[FM-India] IARCS Verification Seminar Series -- Talk by Ranjit Jhala on December 7, 1900 hrs IST

Mon Dec 6 19:44:50 IST 2021

Dear all,

The next talk in the IARCS Verification Seminar Series will be given by
Ranjit Jhala, a Professor of Computer Science Engineering in the Jacobs
School of Engineering at the University of California, San Diego. The talk
is scheduled on Tuesday, December 7, at 1900 hrs IST. The details can be
found on the webpage (https://fmindia.cmi.ac.in/vss/), and also appended to
the body of this email.

The Verification Seminar Series, an initiative by the Indian Association
for Research in Computing Science (IARCS), is a monthly, online
talk-series, broadly in the area of Formal Methods and Programming
Languages, with applications in Verification and Synthesis. The aim of this
talk-series is to provide a platform for Formal Methods researchers to
interact regularly. In addition, we hope that it will make it easier for
researchers to explore newer problems/areas and collaborate on them, and
for younger researchers to start working in these areas.

All are welcome to join.

Best regards,
Deepak, Madhukar, Rahul, Srivathsan

=============================================================

Title: Refinement Types for Secure Web Applications

Meeting Link:
https://us02web.zoom.us/j/89164094870?pwd=eUFNRWp0bHYxRVpwVVNoVUdHU0djQT09
(Meeting ID: 891 6409 4870, Passcode: 082194)

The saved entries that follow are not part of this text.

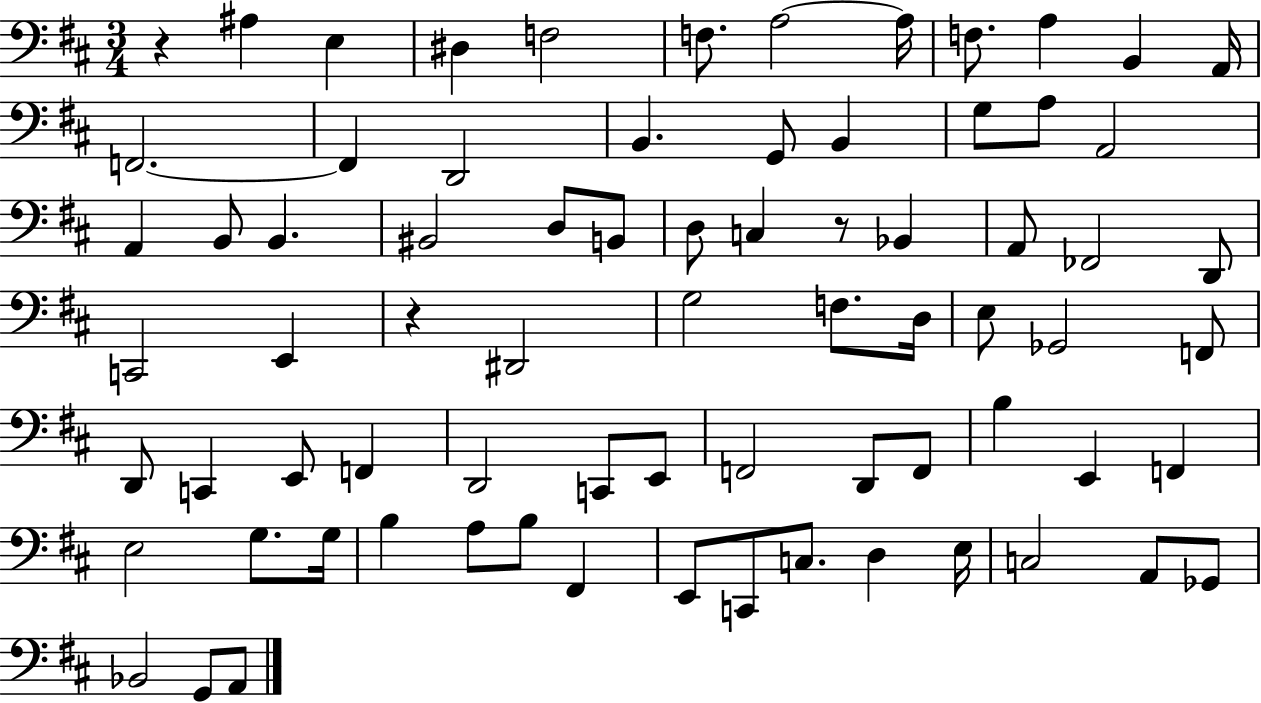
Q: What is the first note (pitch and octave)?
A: A#3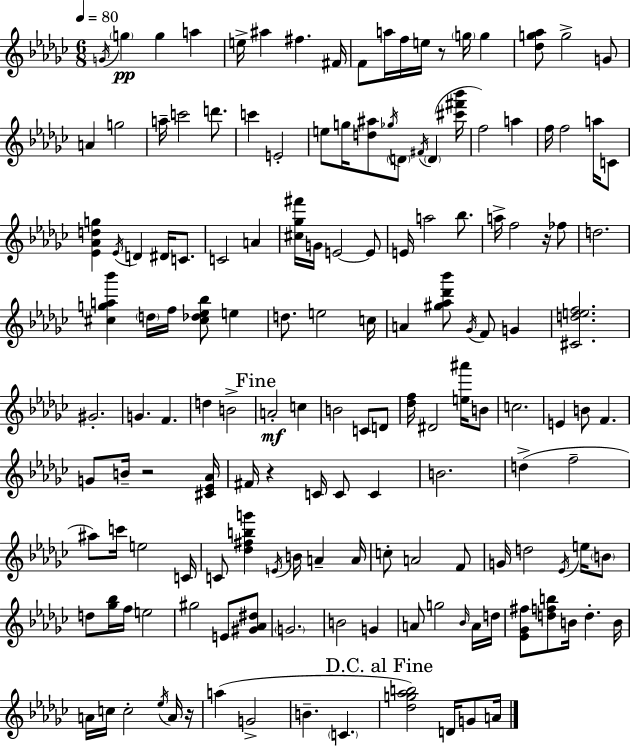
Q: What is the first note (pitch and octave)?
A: G4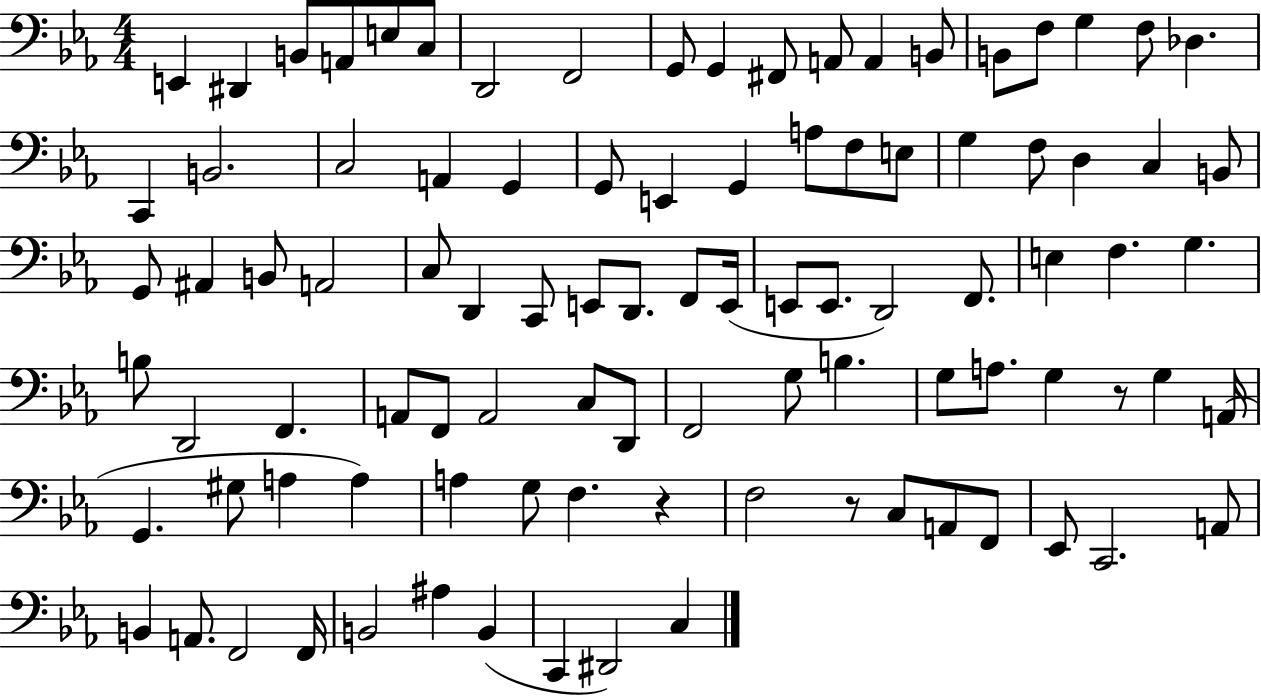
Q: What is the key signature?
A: EES major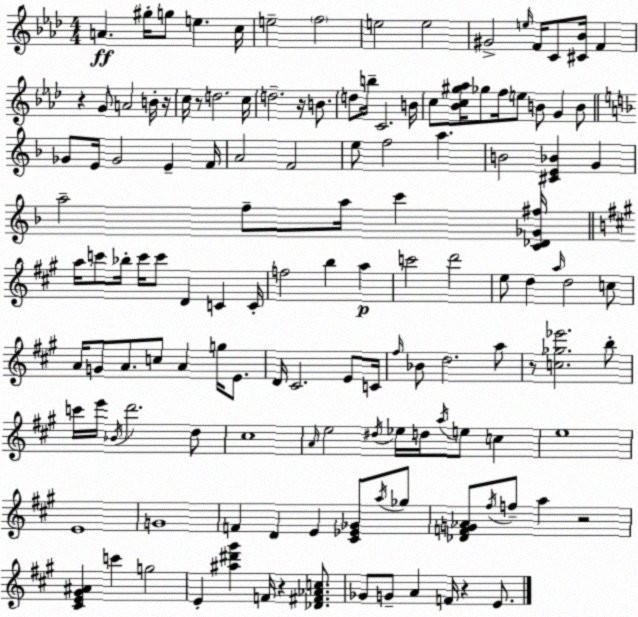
X:1
T:Untitled
M:4/4
L:1/4
K:Ab
A ^g/4 g/2 e c/4 e2 f2 e2 e2 ^G2 e/4 F/4 C/2 [^C_B]/4 F z G/2 A2 B/4 z/4 c/4 z/2 d2 c/4 d2 z/4 B/2 d/2 b/4 C2 B/4 c/2 [_Bc^g_a]/4 _g/2 f/4 e/2 B/2 G B/2 _G/2 E/4 _G2 E F/4 A2 F2 e/2 f2 a B2 [^CE_B] G a2 f/2 a/4 c' [C_D_G^f]/4 a/4 c'/2 _b/4 c'/4 c'/2 D C C/4 f2 b a c'2 d'2 e/2 d a/4 d2 c/2 A/4 G/2 A/2 c/2 A g/4 E/2 D/4 ^C2 E/2 C/4 ^f/4 _B/2 d2 a/2 z/2 [c_g_e']2 b/2 c'/4 e'/4 _B/4 d'2 d/2 ^c4 A/4 e2 ^d/4 _e/4 d/4 a/4 e/2 c e4 E4 G4 F D E [^C_E_G]/2 a/4 _g/2 [_DFG_A]/2 ^f/4 f/2 a z2 [^CE^G^A] c' g2 E [^a^d'^g'] F/4 z [_D^F_Ac]/2 _G/2 G/2 A F/4 z E/2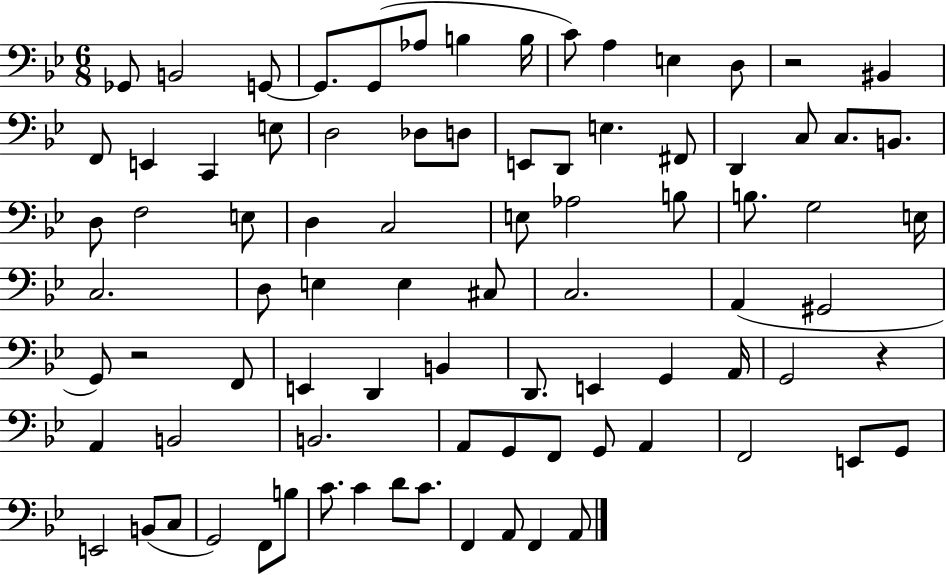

Abstract: We present STORM, a new web framework that lets developers build
model-view-controller (MVC) applications, with compile-time enforcement of
security policies.

With STORM, users specify all security policies in a declarative language,
alongside the data model i.e. the description of the application database
schema. Policies are logical assertions that describe which users are
allowed to view, insert, or update particular rows and columns of each
table in the database. STORM enforces these policies at compile-time by
using refinement types to constrain STORM's API with logical assertions
that describe the data produced and consumed by the underlying operation
and the users allowed access to that data.

We evaluate STORM in three ways. First, we show that our centralized policy
specification approach is expressive enough to describe, often more
naturally, a large suite of policies from the literature. Second, we use
STORM to write statically verified implementations of several case studies
from the literature, including those that had previously only been amenable
to dynamic policy enforcement. We show the verification effort is modest:
the programmer needs to write 1 line of refinement type signatures per
20-30 lines of code (LOC). Third, we use STORM to build and deploy two new
end-to-end web applications for collaborative text editing and video-based
social interaction, that have been used at our university and at several
academic workshops, respectively. We demonstrate that STORM distills the
code that the developer has to get right down to compact, auditable
policies (under 70 LOC) that comprise under 1% of the application.

Bio: Ranjit Jhala is a Professor of Computer Science Engineering in the
Jacobs School of Engineering at the University of California, San Diego.
His research interest lies in Programming Languages and Software
Engineering, specifically, in techniques for building reliable computer
systems. His work draws from, combines and contributes to the areas of Type
Systems, Model Checking, Program Analysis and Automated Deduction.